What do you get at 10,000 posts? :lol:


----------



## RogerS (20 Jun 2006)

The Grand Order of Norm ?

Chief WoodRat?


----------



## PowerTool (20 Jun 2006)

Dave R":b6wgk4fe said:


> What do you get at 10,000 posts? :lol:



A new keyboard  :wink: 

Andrew


----------



## Colin C (20 Jun 2006)

Sorry Paul, I still dont see what you mean :-k


----------



## tim (20 Jun 2006)

Dave R":2i8l18pp said:


> What do you get at 10,000 posts?



A 'free' life, since you've clearly wasted this one! :lol: 

Cheers

Tim


----------



## JPEC (20 Jun 2006)

Well thanks everyone, thats cleared that up.
I too thought there were a lot of furniture makers on here, was feeling a bit inadequate as a humble carpenter/ joiner.
Surely Scrit must be the chairman of the grand order of norm :norm:


----------



## prawnking (20 Jun 2006)

Dave R":1a0n137v said:


> What do you get at 10,000 posts? :lol:



very sore fingers :roll: 

cheers

shaun


----------



## Colin C (20 Jun 2006)

Dave R":8m5e7s2o said:


> What do you get at 10,000 posts? :lol:


Square eyes and a saw bum :roll:


----------



## JPEC (21 Jun 2006)

Ok, more idle curiosity.

Who has the most posts and how many???
Send your answers on a postcard to.... 

Julian

Wow, i really must get out more!


----------



## dedee (21 Jun 2006)

select Memberlist from the links above and sort on Total Posts and order Descending.

Andy


----------



## George_N (21 Jun 2006)

I thought you guys were serious woodworkers, now I find that all you are on here for is to increase your post count...Now see what you've made me do...I've had to increase mine by complaining about you all doing it.
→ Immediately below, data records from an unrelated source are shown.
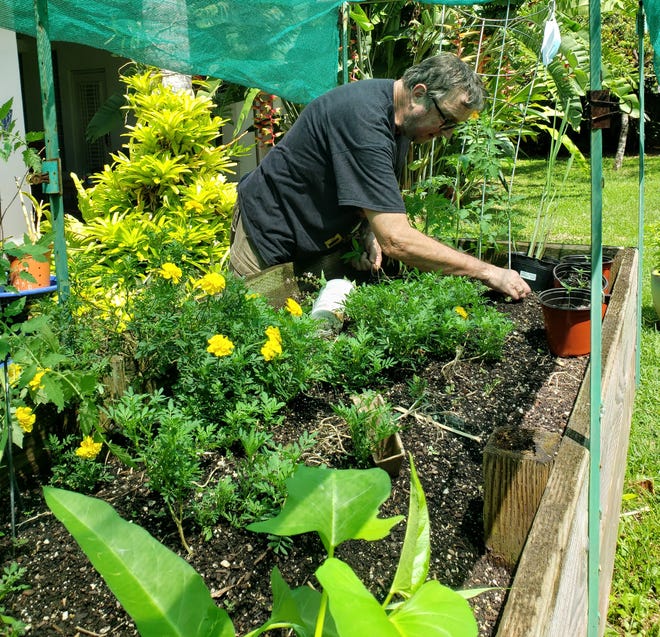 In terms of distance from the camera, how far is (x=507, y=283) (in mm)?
3252

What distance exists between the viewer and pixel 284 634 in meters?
1.33

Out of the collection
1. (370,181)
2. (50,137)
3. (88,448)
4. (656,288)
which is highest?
(50,137)

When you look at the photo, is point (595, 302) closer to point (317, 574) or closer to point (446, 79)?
point (317, 574)

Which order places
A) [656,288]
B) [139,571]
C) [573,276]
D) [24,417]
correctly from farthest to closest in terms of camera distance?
[656,288] → [573,276] → [24,417] → [139,571]

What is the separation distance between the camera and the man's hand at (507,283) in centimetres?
321

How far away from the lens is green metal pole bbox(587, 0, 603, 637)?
1.23m

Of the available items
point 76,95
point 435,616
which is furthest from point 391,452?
point 76,95

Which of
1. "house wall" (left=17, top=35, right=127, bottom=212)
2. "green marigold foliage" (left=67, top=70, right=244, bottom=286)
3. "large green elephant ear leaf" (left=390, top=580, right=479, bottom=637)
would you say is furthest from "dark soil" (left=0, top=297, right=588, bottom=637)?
"house wall" (left=17, top=35, right=127, bottom=212)

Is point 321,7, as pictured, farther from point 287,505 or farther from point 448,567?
point 287,505

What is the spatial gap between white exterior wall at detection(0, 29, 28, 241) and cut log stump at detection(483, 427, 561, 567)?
483 cm

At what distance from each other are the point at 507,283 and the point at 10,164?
427 centimetres

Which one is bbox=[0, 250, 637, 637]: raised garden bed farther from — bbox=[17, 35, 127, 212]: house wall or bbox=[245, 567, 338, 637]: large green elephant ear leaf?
bbox=[17, 35, 127, 212]: house wall

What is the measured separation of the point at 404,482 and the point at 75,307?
1184mm

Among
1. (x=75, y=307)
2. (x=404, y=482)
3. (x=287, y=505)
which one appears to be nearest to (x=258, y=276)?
(x=75, y=307) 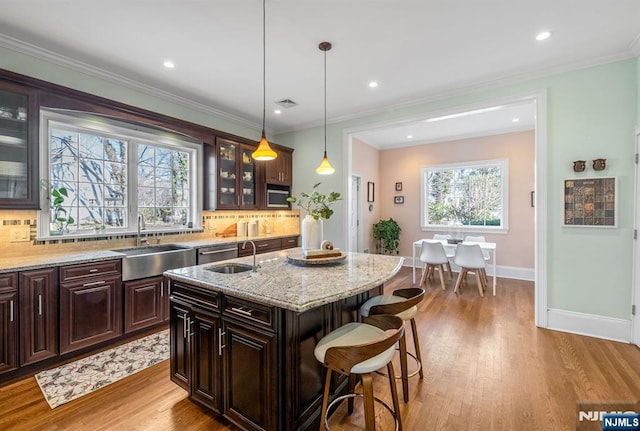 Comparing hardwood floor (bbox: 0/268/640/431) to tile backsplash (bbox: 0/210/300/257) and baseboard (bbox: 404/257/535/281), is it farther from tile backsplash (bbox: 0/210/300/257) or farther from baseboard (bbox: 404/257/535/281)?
baseboard (bbox: 404/257/535/281)

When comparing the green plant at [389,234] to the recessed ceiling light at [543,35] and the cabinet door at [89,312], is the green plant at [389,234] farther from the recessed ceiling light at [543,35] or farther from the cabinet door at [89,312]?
the cabinet door at [89,312]

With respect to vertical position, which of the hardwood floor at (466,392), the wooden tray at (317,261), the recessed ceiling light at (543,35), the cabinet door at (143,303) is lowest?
the hardwood floor at (466,392)

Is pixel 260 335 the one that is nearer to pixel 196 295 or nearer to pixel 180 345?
pixel 196 295

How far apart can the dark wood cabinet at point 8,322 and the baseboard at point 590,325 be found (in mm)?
5128

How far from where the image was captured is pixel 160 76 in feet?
11.0

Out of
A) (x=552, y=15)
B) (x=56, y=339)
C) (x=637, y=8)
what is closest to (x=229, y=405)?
(x=56, y=339)

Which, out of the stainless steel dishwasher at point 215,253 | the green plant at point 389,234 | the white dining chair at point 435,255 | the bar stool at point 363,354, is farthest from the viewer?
the green plant at point 389,234

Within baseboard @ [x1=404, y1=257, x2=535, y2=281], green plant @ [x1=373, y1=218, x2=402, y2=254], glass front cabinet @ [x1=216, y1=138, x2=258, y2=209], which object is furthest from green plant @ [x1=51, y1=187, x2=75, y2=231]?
baseboard @ [x1=404, y1=257, x2=535, y2=281]

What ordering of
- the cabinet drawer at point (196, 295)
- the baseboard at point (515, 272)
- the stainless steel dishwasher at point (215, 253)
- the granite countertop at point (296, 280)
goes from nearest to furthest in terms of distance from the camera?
the granite countertop at point (296, 280) < the cabinet drawer at point (196, 295) < the stainless steel dishwasher at point (215, 253) < the baseboard at point (515, 272)

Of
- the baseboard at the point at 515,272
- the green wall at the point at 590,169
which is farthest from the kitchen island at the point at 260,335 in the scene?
the baseboard at the point at 515,272

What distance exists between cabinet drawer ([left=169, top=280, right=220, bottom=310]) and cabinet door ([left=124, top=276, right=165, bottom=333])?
4.18 ft

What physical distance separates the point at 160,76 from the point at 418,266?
5960 mm

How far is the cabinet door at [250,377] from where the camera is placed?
60.7 inches

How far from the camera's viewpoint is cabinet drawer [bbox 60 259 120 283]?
99.3 inches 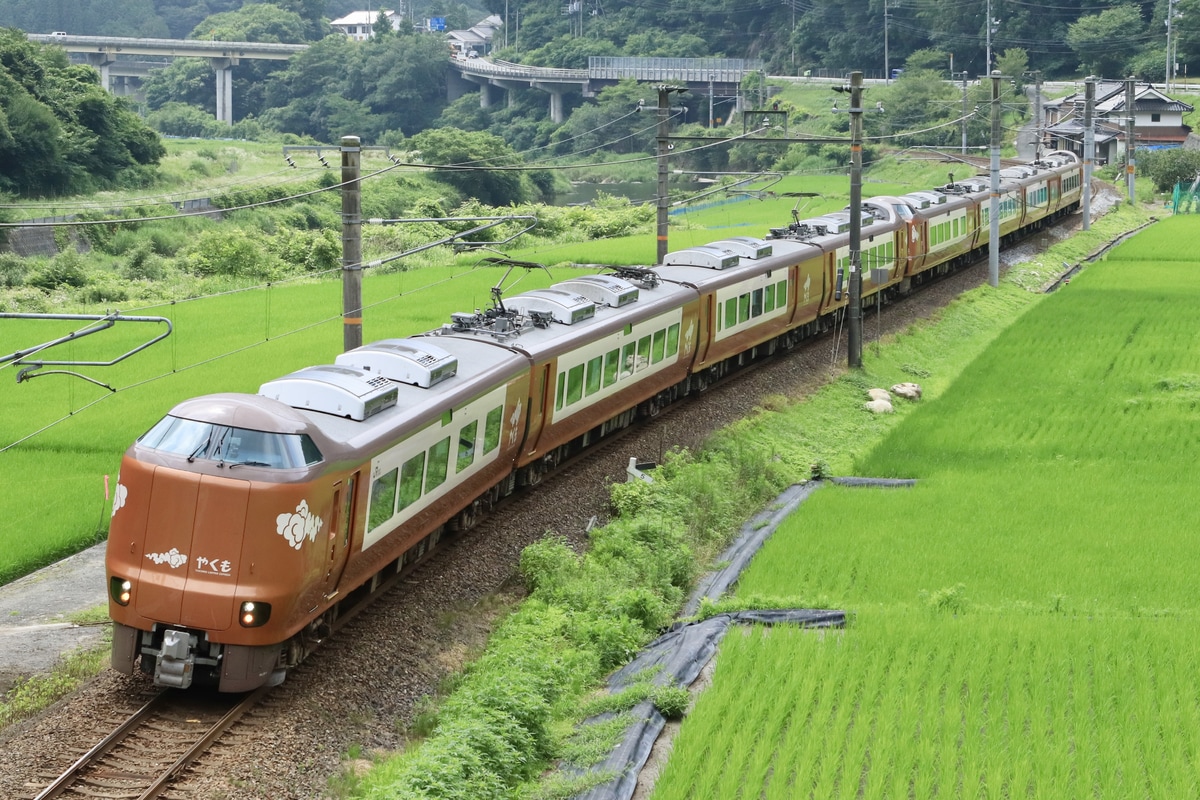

Doh!


----------



## Richard in Smithville (21 Jun 2006)

Um,um, no comment?


----------



## sliver (21 Jun 2006)

Dave R":3gla0db4 said:


> What do you get at 10,000 posts? :lol:



Well by then probably a new computer to replace the one you wore out :lol:


----------



## dedee (22 Jun 2006)

sliver":2g5ezhmm said:


> Dave R":2g5ezhmm said:
> 
> 
> > What do you get at 10,000 posts? :lol:
> ...



Nah, computers are replaced at about 7500 posts normally with a slick white flat screen and with an operating system that is fall less likely to crash/get infected. :wink: :wink: 

Andy


----------



## Alf (22 Jun 2006)

dedee":3iry752b said:


> Nah, computers are replaced at about 7500 posts normally with a slick white flat screen and with an operating system that is fall less likely to crash/get infected. :wink: :wink:


  :lol:

In my defence, quite a lot of those posts have been welcomes, mod-related (when I was one) and review-related.

Plus I have no life...  

Cheers, Alf


----------



## matthew (22 Jun 2006)

dedee":kwecn4rq said:


> Nah, computers are replaced at about 7500 posts normally with a slick white flat screen and with an operating system that is fall less likely to crash/get infected. :wink: :wink:



No need to wait that long, the sooner the better for making the switch... especially now we can get free SketchUp too


----------



## Losos (24 Jun 2006)

Oh Alf - 7861


----------



## Alf (25 Jun 2006)

Losos":24t8h9oo said:


> Oh Alf - 7861


What? Not enough...? :lol:


----------



## Scrit (25 Jun 2006)

mailee":378n7n4d said:


> Oh I see! I thought that listed your job title. :lol:


So did I - there's me worku=ing up to "chief cook and bottle washer" (my REAL title) 



Dave R":378n7n4d said:


> What do you get at 10,000 posts? :lol:


RSI?

Scrit


----------



## Anonymous (26 Jun 2006)

George_N":ccdvfy9d said:


> I'm just working on moving up from Woodworker...I don't know how some of you guys manage 2000 or even 3000 posts. How do you ever find time to make anything? Not that I've been making much more than sawdust lately.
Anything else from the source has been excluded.